Pole star türkçesi Pole star nedir

  • Kutupyıldızı (astronomi terimi).
  • Uzay alanında kullanılır.
  • Önder.
  • Demirkazık.
  • Öncü.
  • Küçükayı'nın a yıldızı.
  • Ucay yıldızı (astronomi terimi).
  • Demirkazık (astronomi terimi).
  • Yol gösterici.
  • Kutupyıldızı.
  • Kutup yıldızı.

Pole star ingilizcede ne demek, Pole star nerede nasıl kullanılır?

Pole : Sırıklamak. Sırıkla atlamada kullanılan kamış, kauçuk, metal vb. yapılmış uzun esnek çubuk. Uç. Leh. Bir tutum ölçeğinde tam yandaş ve tam karşıt tutumların ölçek konumu ya da bir tutum sürekliliğinin iki ucu. Atletizm, coğrafya, fizik, kimya, uzay alanlarında kullanılır. Bayrak direği. Ucay. Ok. Polonyalı.

Star : Karagöz, matiz ve külhanbeyi tiplerince "mum" ya da "ışık" anlamında kullanılan sözcük. oynanışta, oyunu uzun süre afişte tutan, kısacası sanatı yönünden üstün, ünlü sanatçı. Filmin yıldızı olmak. Yıldız koymak. Geceleri gökte, kimileri parlakça, kimileri de donuk bir ışık noktası gibi görünen cisimlere verilen ad. Yıldızlarla süslemek. Başrolde oynamak. Yıldız. Yıldız dansçı. Coğrafya, uzay, sinema, televizyon, tiyatro alanlarında kullanılır. Baş rolü oynamak.

Pole arm : Kutup kolu.

Pole cell : Mayoz bölünmesi sırasında yumurta hücresinin yanında oluşan ve sonra körelen hücreler. halkalı solucanların ya da yumuşakçaların embriyolarında olduğu gibi küçük hücrelerden tomurcuklanan büyük hücre. böcek embriyolarının çok erken safhasında kuyruk ucundan farklılaşan ve bunlardan eşey hücrelerinin geliştiği büyük hücreler. Kutup hücresi.

 

Pole of rotation : Bircismin dönmeeksenin cismi deldiği iki noktadan her biri. Dönme kutbu.

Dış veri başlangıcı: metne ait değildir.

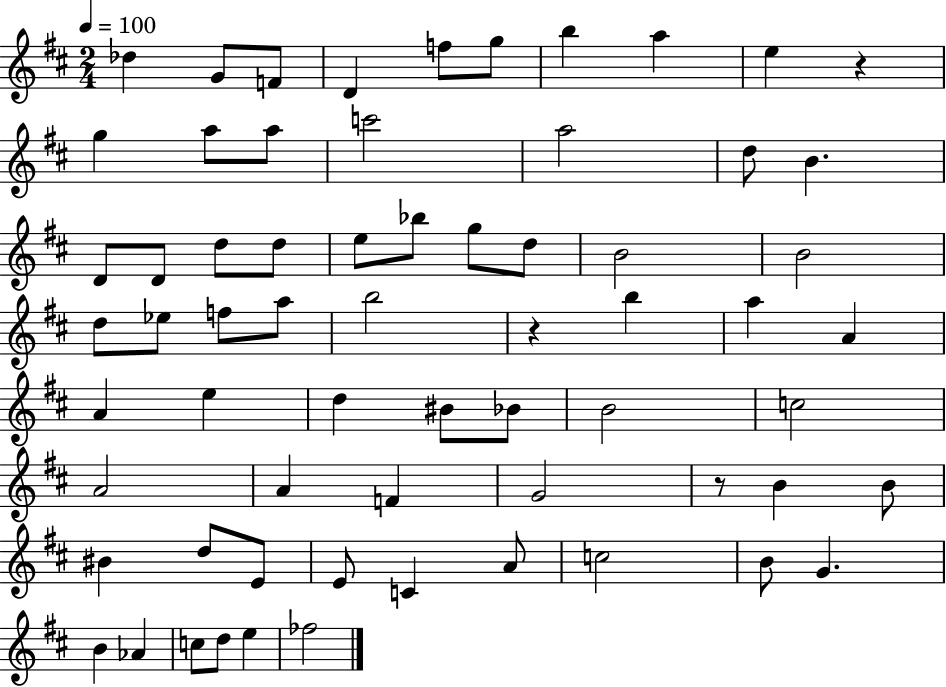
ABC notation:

X:1
T:Untitled
M:2/4
L:1/4
K:D
_d G/2 F/2 D f/2 g/2 b a e z g a/2 a/2 c'2 a2 d/2 B D/2 D/2 d/2 d/2 e/2 _b/2 g/2 d/2 B2 B2 d/2 _e/2 f/2 a/2 b2 z b a A A e d ^B/2 _B/2 B2 c2 A2 A F G2 z/2 B B/2 ^B d/2 E/2 E/2 C A/2 c2 B/2 G B _A c/2 d/2 e _f2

Pole vault : Sırıkla atlama. Sırıkla yüksek atlama. Yüksek atlama.

İngilizce Pole star Türkçe anlamı, Pole star eş anlamlısı

Sözcükler, direkt olarak Pole star ile ilgili eş anlamlı kelimeler olmayabilir. Kelime anlamı benzer olan sözcükler olabilirler.

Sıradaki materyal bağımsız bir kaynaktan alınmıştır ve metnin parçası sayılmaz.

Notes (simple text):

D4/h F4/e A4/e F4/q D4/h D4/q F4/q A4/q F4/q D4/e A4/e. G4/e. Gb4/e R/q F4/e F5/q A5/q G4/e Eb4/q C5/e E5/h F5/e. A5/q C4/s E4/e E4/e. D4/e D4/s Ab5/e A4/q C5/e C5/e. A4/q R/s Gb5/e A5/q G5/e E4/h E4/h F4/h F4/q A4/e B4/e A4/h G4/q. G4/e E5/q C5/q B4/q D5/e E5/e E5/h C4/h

Polestars : Kuzey yıldızı.

Captains : Postabaşı. Kaptanlık etmek. Yüzbaşı. Ustabaşı. Kumanda etmek. Bir gemi veya uçağın idaresinden sorumlu kişi. Kaptan. Başkomiser. Yönetmek. Baş garson.

Bhagwan : Üstat. Öğretmen. Hint dininde tanrı. Öğretici. Guru.

Bellwether : Kösemen. Boynunda çan asılı koç. Çete başı. Çıngıraklı koç. Boynunda çan asılı olan koç.

Absolute orbit : İki cisimden her birinin kütle merkezine göre çizdiği yörünge. Salt yörünge.

Directive : Direktif. Emir. Yönerge. Talimat. Yönlendirici.

Cock : Kaldırmak. Martaval. Kullanma yerinde suyu açıp kapamakta kullanılan araç. Tüfek horozunu çekmek. Zırva. Saçmalık. Rüzgar gülü. Tabanca horozu. Erkek av kuşu.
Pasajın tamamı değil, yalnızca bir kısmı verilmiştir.